Can I spend retirement account for my debts that accumulated during divorce by paid legal fees. I am still in divorce, not finish yet.My spouse has been spending equitable distribution for his legal fees, other expenses.
I still need legal fees to retain attorney and pay acclimated tax that I could not pay.
Submitted: 2 months ago.
Category: Family Law
Expert:  Michael Gonzalez replied 2 months ago.
Hello and welcome to JustAnswer. Please note: This is general information for educational purposes only and is not legal advice. No specific course of action is proposed herein, and no attorney-client relationship or privilege is formed by speaking to an expert on this site. By continuing, you confirm that you understand and agree to these terms.You may be able to do so up to half the amount in the account (presuming the other half is your spouse's per equitable distribution).

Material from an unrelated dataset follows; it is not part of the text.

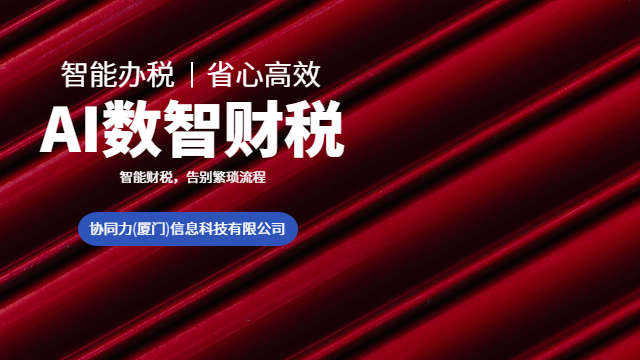 泉州融资效率提升智能财税服务落地实施服务,智能财税服务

Consult your family law attorney to protect your rights and interests.It is unlikely you could avoid the taxes on distributions from tax-deffered accounts such as IRA, however, there are strategies to avoid the 10 percent penalty if you are under 59 andn1/2 years of age. Consult your accountant to see if you can take advantage of these options to avoid the penalty.
Customer: replied 2 months ago.
Under 59.5? Not over 59.5?What is New York law? I need to know.My spouse has spent equitable distribution that he can access.
Expert:  Michael Gonzalez replied 2 months ago.
Over 59.5 then there will not be the 10 percent penalty.I am not licensed in NY. I am licensed in Florida which also has equitable distribution.I will opt out and allow another attorney to help you. Please do not rate or respond and Good luck.
Expert:  Michael Gonzalez replied 2 months ago.
If under 59.5 then there are possible strategies to utilize to avoid the 10 percent penalty BUT not the taxes.
Expert:  Phillips Esq. replied 2 months ago.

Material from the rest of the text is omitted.